Cleaning a firearm
The procedure for cleaning any firearm is essentially the same. I follow this basic cleaning procedure after every trip to the range.
1. Make sure the firearm is unloaded!
2. Field strip the gun.
"Field stripping" is disassembling a firearm to a point where all parts critical to its function can be accessed and cleaned. This procedure varies enormously from gun to gun; consult your owner's manual. If you don't have one, check out this site. Basically, when your field stripping is complete, you will usually have separated the barrel from the receiver and gained access to the action. I also recommend removing the grips on handguns when cleaning, because sometimes cleaning chemicals can damage the plastic or wood finish.

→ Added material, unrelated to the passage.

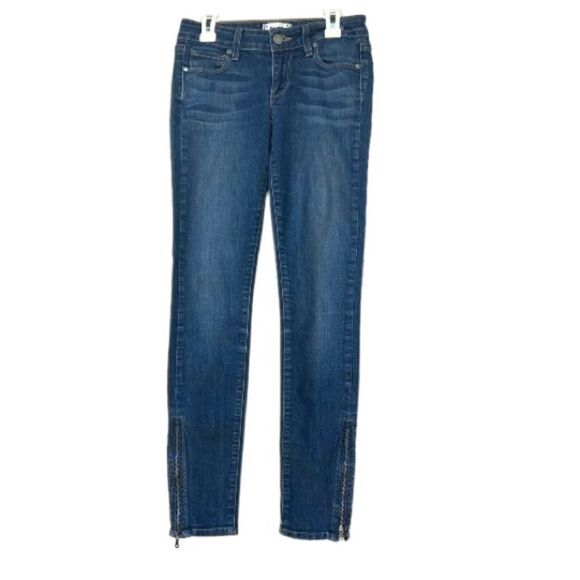 Paige Verdugo Ankle Zipper Jeans 25 New - Picture 8 of 10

3. Run a wet patch (a patch soaked with solvent) or brush through the
I usually only use patches when cleaning. Using a bristle brush is only needed occasionally, and use of such a brush too often will do nothing except cause unnecessary wear on your bore. Also, whenever possible, clean the bore from the breech end rather than the muzzle end. The reason for this is that the muzzle is the most important part of the barrel for accuracy, and we want to avoid damaging it.

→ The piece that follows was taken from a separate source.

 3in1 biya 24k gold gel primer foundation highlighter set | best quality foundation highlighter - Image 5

4. Run dry patches (no solvent) through the bore until they come out clean.
5. Run a patch with rust protectant down the bore.
6. Clean all exposed parts of the action, as well as any other internal
parts you have access to.
Pay special attention to the chamber, which is often the dirtiest part of the firearm, and the extractor claw, which is often overlooked.
7. Once the internals are clean, lubricate the moving parts.
Your cleaning job will have applied enough residual lube, usually, if you've used a combo product like CLP. Don't overdo it; excess lubricant will attract grime and grit. One thing I like to do is put grease on the rails of semi-autos. I like Tetra Gun Grease for this purpose.
8. Reassemble the gun.
9. Clean and oil the exterior of the firearm.
This can be done with patches, but the best way is really to get some oil on your hands and "make love" to the gun. :)
10. Function check the gun.
To make sure you put everything back together properly. :) Just work the action, dry fire, etc.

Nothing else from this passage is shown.